[MATERIAL PROVIDED]:
▬▬▬

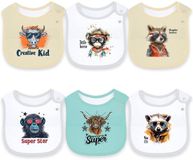 Maiwamita 6-pack waterdichte katoenen babyslabben voor meisjes en jongens met drukknoop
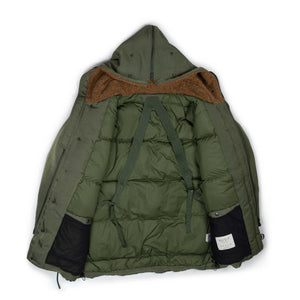 norbit FW25 Three-way hooded down jacket in olive green water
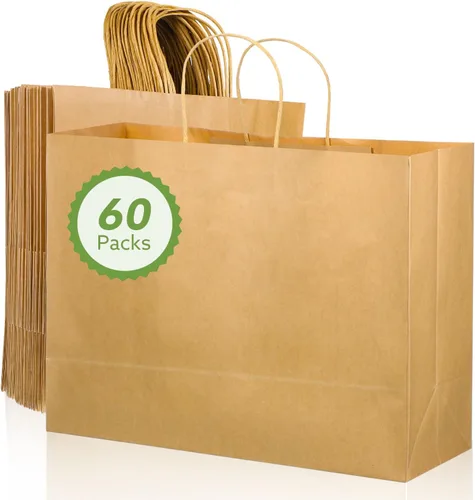 Woric 60 bolsas de papel marrón con asas, bolsas de regalo grandes de 16 x 6 x 12 pulgadas, multiusos, marrón sólido, papel sin recubrimiento, 60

▬▬▬

[PROMPT]:
Before writing out the material above, please remove its pictures; everything else stays exact.

[FINISHED TASK]:
 Maiwamita 6-pack waterdichte katoenen babyslabben voor meisjes en jongens met drukknoop
 norbit FW25 Three-way hooded down jacket in olive green water
 Woric 60 bolsas de papel marrón con asas, bolsas de regalo grandes de 16 x 6 x 12 pulgadas, multiusos, marrón sólido, papel sin recubrimiento, 60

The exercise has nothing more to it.